Molecular Modeling Predicts That FMRP Binds to SARS-CoV-2 Positive and Negative Sense RNAs

Understanding how SARS-CoV-2 interferes with RNA-related posttranscriptional processes could identify novel therapies (Maranon et al., 2020). We utilized the catRAPID algorithm1 to predict RNA/protein interactions relevant to SARS-CoV-2 RNA (GenBank LR757995.1). This algorithm identifies potential interactions between protein and RNA molecules by combining the contributions of secondary structure, hydrogen binding and van der Waal’s forces to generate an interaction profile (Bellucci et al., 2011; Agostini et al., 2013; Cirillo et al., 2013). First, we utilized catRAPID omics to compute which RBP are predicted to bind to positive and negative sense SARS-CoV-2 RNAs. Top-ranked RBP included several splicing and heterogeneous nuclear ribonucleoproteins (Table 1).
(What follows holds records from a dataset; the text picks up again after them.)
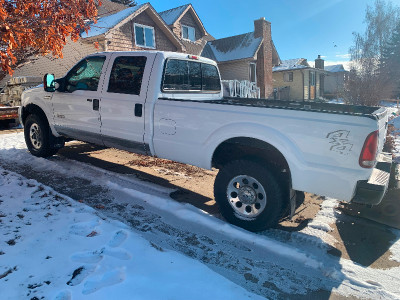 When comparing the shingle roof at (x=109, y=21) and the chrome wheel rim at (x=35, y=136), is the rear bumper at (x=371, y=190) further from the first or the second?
the shingle roof at (x=109, y=21)

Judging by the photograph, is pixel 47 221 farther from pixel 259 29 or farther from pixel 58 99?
pixel 259 29

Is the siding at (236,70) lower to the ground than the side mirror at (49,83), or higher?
higher

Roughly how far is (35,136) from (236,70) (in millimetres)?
19462

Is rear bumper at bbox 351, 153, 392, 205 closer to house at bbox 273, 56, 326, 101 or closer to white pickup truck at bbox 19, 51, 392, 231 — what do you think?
white pickup truck at bbox 19, 51, 392, 231

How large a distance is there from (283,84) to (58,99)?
2913 centimetres

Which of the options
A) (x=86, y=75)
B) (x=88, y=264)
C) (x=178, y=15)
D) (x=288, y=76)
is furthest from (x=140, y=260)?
(x=288, y=76)

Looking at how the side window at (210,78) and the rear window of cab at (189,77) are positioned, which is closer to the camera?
the rear window of cab at (189,77)

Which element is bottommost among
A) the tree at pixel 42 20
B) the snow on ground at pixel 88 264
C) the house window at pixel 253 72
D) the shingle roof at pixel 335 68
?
the snow on ground at pixel 88 264

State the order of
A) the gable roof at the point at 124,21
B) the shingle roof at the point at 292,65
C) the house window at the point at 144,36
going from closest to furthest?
the gable roof at the point at 124,21 → the house window at the point at 144,36 → the shingle roof at the point at 292,65

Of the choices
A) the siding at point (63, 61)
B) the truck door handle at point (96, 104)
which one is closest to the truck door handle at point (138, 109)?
the truck door handle at point (96, 104)

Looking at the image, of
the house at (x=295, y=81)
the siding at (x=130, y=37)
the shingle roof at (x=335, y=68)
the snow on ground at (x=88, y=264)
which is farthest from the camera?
the shingle roof at (x=335, y=68)

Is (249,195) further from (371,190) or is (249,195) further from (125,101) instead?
(125,101)

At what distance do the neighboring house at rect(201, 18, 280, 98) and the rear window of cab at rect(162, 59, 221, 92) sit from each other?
18.1 metres

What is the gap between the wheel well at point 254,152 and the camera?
347 cm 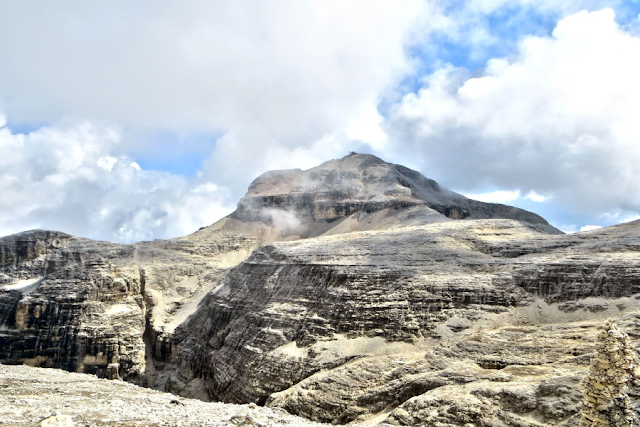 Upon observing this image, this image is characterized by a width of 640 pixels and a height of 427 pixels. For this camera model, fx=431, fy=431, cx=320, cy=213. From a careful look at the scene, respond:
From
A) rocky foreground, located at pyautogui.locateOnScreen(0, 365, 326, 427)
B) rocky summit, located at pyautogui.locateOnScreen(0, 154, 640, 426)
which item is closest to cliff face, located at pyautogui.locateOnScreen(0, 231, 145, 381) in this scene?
rocky summit, located at pyautogui.locateOnScreen(0, 154, 640, 426)

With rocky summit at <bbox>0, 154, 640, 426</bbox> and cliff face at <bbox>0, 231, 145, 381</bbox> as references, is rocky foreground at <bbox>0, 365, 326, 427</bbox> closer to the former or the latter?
rocky summit at <bbox>0, 154, 640, 426</bbox>

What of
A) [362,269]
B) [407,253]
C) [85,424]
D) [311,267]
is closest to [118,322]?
[311,267]

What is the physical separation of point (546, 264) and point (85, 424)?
32.9 m

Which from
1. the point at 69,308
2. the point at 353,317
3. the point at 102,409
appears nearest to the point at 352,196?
the point at 69,308

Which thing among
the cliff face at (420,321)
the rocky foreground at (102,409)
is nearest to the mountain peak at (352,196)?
the cliff face at (420,321)

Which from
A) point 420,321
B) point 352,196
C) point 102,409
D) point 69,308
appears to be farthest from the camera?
point 352,196

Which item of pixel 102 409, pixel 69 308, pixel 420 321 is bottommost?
pixel 102 409

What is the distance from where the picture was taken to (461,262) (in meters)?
39.5

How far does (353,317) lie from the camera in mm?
36562

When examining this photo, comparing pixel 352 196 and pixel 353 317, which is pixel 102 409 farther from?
pixel 352 196

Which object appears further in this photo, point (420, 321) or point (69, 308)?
point (69, 308)

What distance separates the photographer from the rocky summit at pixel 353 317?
25.3m

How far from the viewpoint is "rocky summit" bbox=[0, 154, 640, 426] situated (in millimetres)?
25297

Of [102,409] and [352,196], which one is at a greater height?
[352,196] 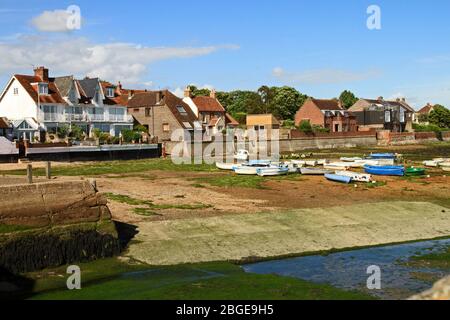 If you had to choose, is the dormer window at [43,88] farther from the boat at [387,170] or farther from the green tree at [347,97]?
the green tree at [347,97]

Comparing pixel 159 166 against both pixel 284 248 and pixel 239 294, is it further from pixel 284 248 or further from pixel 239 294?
pixel 239 294

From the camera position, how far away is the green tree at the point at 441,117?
490 ft

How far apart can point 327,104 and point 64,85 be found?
59.2 meters

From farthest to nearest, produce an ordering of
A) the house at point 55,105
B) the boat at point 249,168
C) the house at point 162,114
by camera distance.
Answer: the house at point 162,114
the house at point 55,105
the boat at point 249,168

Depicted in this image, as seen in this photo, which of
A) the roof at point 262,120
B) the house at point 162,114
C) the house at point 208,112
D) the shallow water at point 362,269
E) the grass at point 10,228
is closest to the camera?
the shallow water at point 362,269

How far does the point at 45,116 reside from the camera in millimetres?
77750

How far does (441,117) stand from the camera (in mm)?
149875

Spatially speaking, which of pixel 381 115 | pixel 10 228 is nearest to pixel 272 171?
pixel 10 228

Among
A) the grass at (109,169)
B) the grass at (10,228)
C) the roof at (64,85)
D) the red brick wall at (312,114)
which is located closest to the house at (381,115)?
the red brick wall at (312,114)

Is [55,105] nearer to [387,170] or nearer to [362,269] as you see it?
[387,170]

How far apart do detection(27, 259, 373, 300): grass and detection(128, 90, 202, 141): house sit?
68.9 m

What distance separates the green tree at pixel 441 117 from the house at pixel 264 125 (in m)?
67.6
FMRP exhibited an average interaction strength of 0.30 (range 0–0.95) with an average star value of 2.58 (range 2.35–2.75) for positive sense SARS-CoV-2 RNA based on 242 predicted interactions where 57 of those interactions had an intensity ≥0.5, which is indicative of high specificity for the interaction. FMRP exhibited an average interaction strength of 0.27 (range 0–0.99) with an average star value of 2.54 (range 2.34–2.74) for negative sense SARS-CoV-2 RNA based on 42 predicted interactions where 8 interactions had an intensity ≥0.5. The interaction strength (enrichment with respect to random interactions) was computed using a reference set of 100 random protein and 100 random RNA sequences having the same lengths as the molecules under investigation, and the star rating system is a score representing the sum of the catRAPID normalized propensity, the presence of RNA/DNA binding domains and disordered regions, and the presence of known RNA-binding motifs with the range of 0–3 (Agostini et al., 2013; Cirillo et al., 2013).

TABLE 1.

Top catRAPID hits for RBP that bind to SARS-CoV-2 RNA.

Positive Strand
CSTF2 Cleavage stimulation factor subunit 2
ESRP2 Epithelial splicing regulatory protein 2
FUS RNA-binding protein FUS
SRSF3 Serine/arginine-rich splicing factor 3
SRSF4 Serine/arginine-rich splicing factor 4
SRSF5 Serine/arginine-rich splicing factor 5
SRS10 Serine/arginine-rich splicing factor 10
SSB Lupus La protein
YBX1 Y-box-binding protein 1
Negative Strand
ESRP2 Epithelial splicing regulatory protein 2
HNRNPF Heterogeneous nuclear ribonucleoprotein F
HNRNPH1 Heterogeneous nuclear ribonucleoprotein H
HNRNPH2 Heterogeneous nuclear ribonucleoprotein H2
QK1 Protein quaking
SFPQ Splicing factor, proline- and glutamine-rich
SRSF3 Serine/arginine-rich splicing factor 3
SRSF5 Serine/arginine-rich splicing factor 5
TIA1 Nucleolysin TIA-1 isoform p40
TRA2B Transformer-2 protein homolog beta

Second, we utilized catRAPID Global Score with uniform fragmentation to predict FMRP (GenBank AAH86957.1)/SARS-CoV-2 interactions. The Global Score predicts the overall interaction ability of a protein-RNA pair based on an algorithm trained on data generated by photoactivatable ribonucleoside-enhanced, high-throughput sequencing of RNA isolated by crosslinking and immunoprecipitation (PAR/HITS-CLIP) (Hafner et al., 2010). The Global Scores were 0.97 for positive sense and 0.84 for negative sense SARS-CoV-2 RNA and FMRP. The top 20 predicted interaction sites were between nucleotides 11,365–12,560 for both positive and negative sense SARS-CoV-2 RNA (interaction propensity range 279–417). Additional RNA fragments with the highest interaction propensities are listed in Table 2. The fragment of FMRP with the highest binding activity for both positive and negative sense SARS-CoV-2 RNA encompassed amino acids 311–362, which partially overlaps with a known KH RNA binding domain in FMRP (amino acids 283–325) (Siomi et al., 1994). Other FMRP protein regions with high predicted binding affinity for nucleotides 11,365–12,560 for both positive and negative sense SARS-CoV-2 RNA overlapped or partially overlapped with known Agenet (63–120) KH1 (221–280), KH2 (283–325), C-terminal (C1, 399–526), and C2 (504–586) domains as well as intervening FMRP protein sequences.

TABLE 2.

Top catRAPID hits of SARS-CoV-2 that bind to FMRP.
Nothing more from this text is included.